DNA Replication and Repair

DNA Replication

DNA replication is a fundamental process in all living cells, ensuring the accurate duplication of genetic material before cell division. The process involves several key steps and enzymes to guarantee fidelity and efficiency.

A. DNA Replication is Semi-Conservative

• Semi-conservative replication means that each new DNA molecule consists of one original (parental) strand and one newly synthesized strand.

• This mechanism was demonstrated by the Meselson-Stahl experiment.

B. DNA Synthesis is Bidirectional

• Replication begins at specific origins and proceeds in both directions, forming two replication forks.

• In prokaryotes (e.g., E. coli), the circular chromosome has a single origin, resulting in two identical circular chromosomes after replication.

• In eukaryotes, multiple origins of replication exist on each linear chromosome, allowing rapid and efficient DNA synthesis.

C. Unwinding DNA Strands

• DNA helicase: Unwinds the double helix at the replication fork.

• Topoisomerase: Relieves supercoiling ahead of the replication fork.

• Single-stranded binding proteins (SSB): Stabilize unwound DNA strands and prevent re-annealing.

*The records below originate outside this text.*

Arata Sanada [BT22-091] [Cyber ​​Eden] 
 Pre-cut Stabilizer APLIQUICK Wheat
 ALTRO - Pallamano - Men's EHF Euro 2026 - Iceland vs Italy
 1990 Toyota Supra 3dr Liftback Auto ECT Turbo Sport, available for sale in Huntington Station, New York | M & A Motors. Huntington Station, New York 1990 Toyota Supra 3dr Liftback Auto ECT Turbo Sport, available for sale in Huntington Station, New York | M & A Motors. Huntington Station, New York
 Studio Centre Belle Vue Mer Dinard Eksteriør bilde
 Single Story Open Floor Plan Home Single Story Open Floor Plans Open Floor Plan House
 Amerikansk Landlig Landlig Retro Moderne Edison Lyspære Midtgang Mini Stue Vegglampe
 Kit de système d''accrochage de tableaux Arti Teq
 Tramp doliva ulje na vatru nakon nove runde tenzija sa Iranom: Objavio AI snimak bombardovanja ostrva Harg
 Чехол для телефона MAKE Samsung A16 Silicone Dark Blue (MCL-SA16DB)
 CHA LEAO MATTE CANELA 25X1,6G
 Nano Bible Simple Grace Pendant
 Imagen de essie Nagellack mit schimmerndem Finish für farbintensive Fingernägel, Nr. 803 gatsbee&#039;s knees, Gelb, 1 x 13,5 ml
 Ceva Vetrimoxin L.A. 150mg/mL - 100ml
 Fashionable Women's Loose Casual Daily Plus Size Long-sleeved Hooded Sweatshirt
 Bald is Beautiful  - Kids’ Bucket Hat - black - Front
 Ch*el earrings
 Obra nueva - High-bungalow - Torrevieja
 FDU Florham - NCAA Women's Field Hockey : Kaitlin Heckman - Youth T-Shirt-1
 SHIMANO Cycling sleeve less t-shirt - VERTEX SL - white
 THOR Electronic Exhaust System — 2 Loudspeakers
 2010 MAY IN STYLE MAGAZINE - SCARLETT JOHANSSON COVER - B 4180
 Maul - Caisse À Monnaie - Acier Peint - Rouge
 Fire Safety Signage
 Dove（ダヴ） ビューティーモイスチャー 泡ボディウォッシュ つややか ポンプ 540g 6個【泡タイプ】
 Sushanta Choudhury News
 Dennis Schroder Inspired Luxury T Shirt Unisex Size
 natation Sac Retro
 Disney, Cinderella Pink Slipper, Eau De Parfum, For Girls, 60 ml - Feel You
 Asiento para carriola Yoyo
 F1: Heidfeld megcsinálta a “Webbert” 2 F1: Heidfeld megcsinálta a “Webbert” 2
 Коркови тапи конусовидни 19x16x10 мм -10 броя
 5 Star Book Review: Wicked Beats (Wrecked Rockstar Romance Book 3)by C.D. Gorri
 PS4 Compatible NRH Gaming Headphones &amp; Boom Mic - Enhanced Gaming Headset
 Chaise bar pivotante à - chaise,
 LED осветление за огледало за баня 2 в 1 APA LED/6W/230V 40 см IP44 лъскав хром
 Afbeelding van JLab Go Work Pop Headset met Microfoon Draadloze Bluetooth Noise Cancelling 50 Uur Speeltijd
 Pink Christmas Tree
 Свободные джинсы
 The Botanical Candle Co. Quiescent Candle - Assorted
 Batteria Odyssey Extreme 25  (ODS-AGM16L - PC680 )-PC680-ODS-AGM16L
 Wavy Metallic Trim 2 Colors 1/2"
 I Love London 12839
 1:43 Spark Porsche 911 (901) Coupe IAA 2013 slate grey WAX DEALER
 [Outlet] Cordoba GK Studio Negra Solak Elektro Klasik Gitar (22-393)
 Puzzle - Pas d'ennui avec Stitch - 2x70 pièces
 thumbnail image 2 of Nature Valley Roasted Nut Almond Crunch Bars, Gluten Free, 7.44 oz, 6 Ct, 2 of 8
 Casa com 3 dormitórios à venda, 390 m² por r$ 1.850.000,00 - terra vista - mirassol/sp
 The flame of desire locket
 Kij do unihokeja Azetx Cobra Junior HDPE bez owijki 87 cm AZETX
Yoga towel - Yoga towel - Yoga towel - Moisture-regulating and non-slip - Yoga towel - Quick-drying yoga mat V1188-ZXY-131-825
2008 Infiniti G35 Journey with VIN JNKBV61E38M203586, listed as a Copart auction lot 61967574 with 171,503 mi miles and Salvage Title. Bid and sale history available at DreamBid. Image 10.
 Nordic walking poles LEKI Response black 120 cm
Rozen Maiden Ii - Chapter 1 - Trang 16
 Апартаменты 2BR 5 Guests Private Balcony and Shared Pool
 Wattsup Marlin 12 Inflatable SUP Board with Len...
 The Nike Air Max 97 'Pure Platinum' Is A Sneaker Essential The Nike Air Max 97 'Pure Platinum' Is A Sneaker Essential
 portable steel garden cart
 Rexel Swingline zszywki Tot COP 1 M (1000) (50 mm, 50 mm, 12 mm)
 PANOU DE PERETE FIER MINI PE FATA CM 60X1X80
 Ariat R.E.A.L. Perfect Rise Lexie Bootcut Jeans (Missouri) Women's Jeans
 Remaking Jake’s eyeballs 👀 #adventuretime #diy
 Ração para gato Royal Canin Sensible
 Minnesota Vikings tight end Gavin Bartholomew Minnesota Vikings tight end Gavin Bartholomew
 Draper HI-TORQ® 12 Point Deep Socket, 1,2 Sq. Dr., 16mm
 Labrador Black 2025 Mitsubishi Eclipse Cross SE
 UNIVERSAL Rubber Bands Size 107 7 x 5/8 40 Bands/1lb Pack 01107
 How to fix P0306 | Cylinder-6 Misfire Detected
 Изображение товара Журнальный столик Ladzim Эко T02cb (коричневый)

D. DNA Synthesis Proceeds in the 5' → 3' Direction

• DNA polymerase adds nucleoside triphosphates (dATP, dGTP, dCTP, dTTP) to the 3' end of the growing DNA strand.

• Two phosphates are removed from each nucleotide to provide energy for phosphodiester bond formation.

• All known DNA polymerases synthesize DNA in the 5' to 3' direction.

E. The RNA Primer

• DNA polymerases cannot initiate synthesis de novo; they require a short RNA primer synthesized by primase.

• Primase adds a short RNA sequence complementary to the DNA template.

• DNA polymerase extends the primer by adding DNA nucleotides to its 3' end.

• Later, RNA primers are removed and replaced with DNA by DNA polymerase I (in prokaryotes), and the gaps are sealed by DNA ligase.

F. DNA Replication has a Leading and Lagging Strand

• Leading strand: Synthesized continuously in the direction of the replication fork movement.

• Lagging strand: Synthesized discontinuously as short fragments called Okazaki fragments, which are later joined by DNA ligase.

• Replication is always 5' to 3', so the lagging strand must be synthesized in segments as the fork opens.

G. Proofreading

• DNA polymerase III (in prokaryotes) and DNA polymerases δ and ε (in eukaryotes) possess 3' to 5' exonuclease activity for proofreading.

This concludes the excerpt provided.